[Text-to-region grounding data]
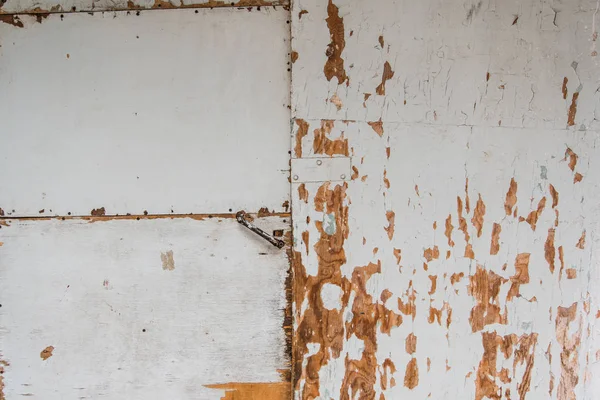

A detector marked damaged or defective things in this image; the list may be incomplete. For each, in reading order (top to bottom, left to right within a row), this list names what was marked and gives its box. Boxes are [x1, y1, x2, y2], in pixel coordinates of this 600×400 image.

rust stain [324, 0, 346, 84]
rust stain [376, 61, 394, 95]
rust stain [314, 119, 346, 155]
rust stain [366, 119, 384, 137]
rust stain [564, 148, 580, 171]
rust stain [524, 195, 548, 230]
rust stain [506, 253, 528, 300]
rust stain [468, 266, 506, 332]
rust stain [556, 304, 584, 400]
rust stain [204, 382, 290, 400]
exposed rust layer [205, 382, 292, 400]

> _WHAT THIS TASK INVOLVES_: For each record, return its text exactly and leave any picture out.

> _SOLUTION_:
A detector marked damaged or defective things in this image; the list may be incomplete. For each, in reading order (top to bottom, left to right within a row), this list names what was marked and gives its box. Boxes are [x1, y1, x2, y2], in pixel coordinates of this 600×400 image.

rust stain [324, 0, 346, 84]
rust stain [376, 61, 394, 95]
rust stain [314, 119, 346, 155]
rust stain [366, 119, 384, 137]
rust stain [564, 148, 580, 171]
rust stain [524, 195, 548, 230]
rust stain [506, 253, 528, 300]
rust stain [468, 266, 506, 332]
rust stain [556, 304, 584, 400]
rust stain [204, 382, 290, 400]
exposed rust layer [205, 382, 292, 400]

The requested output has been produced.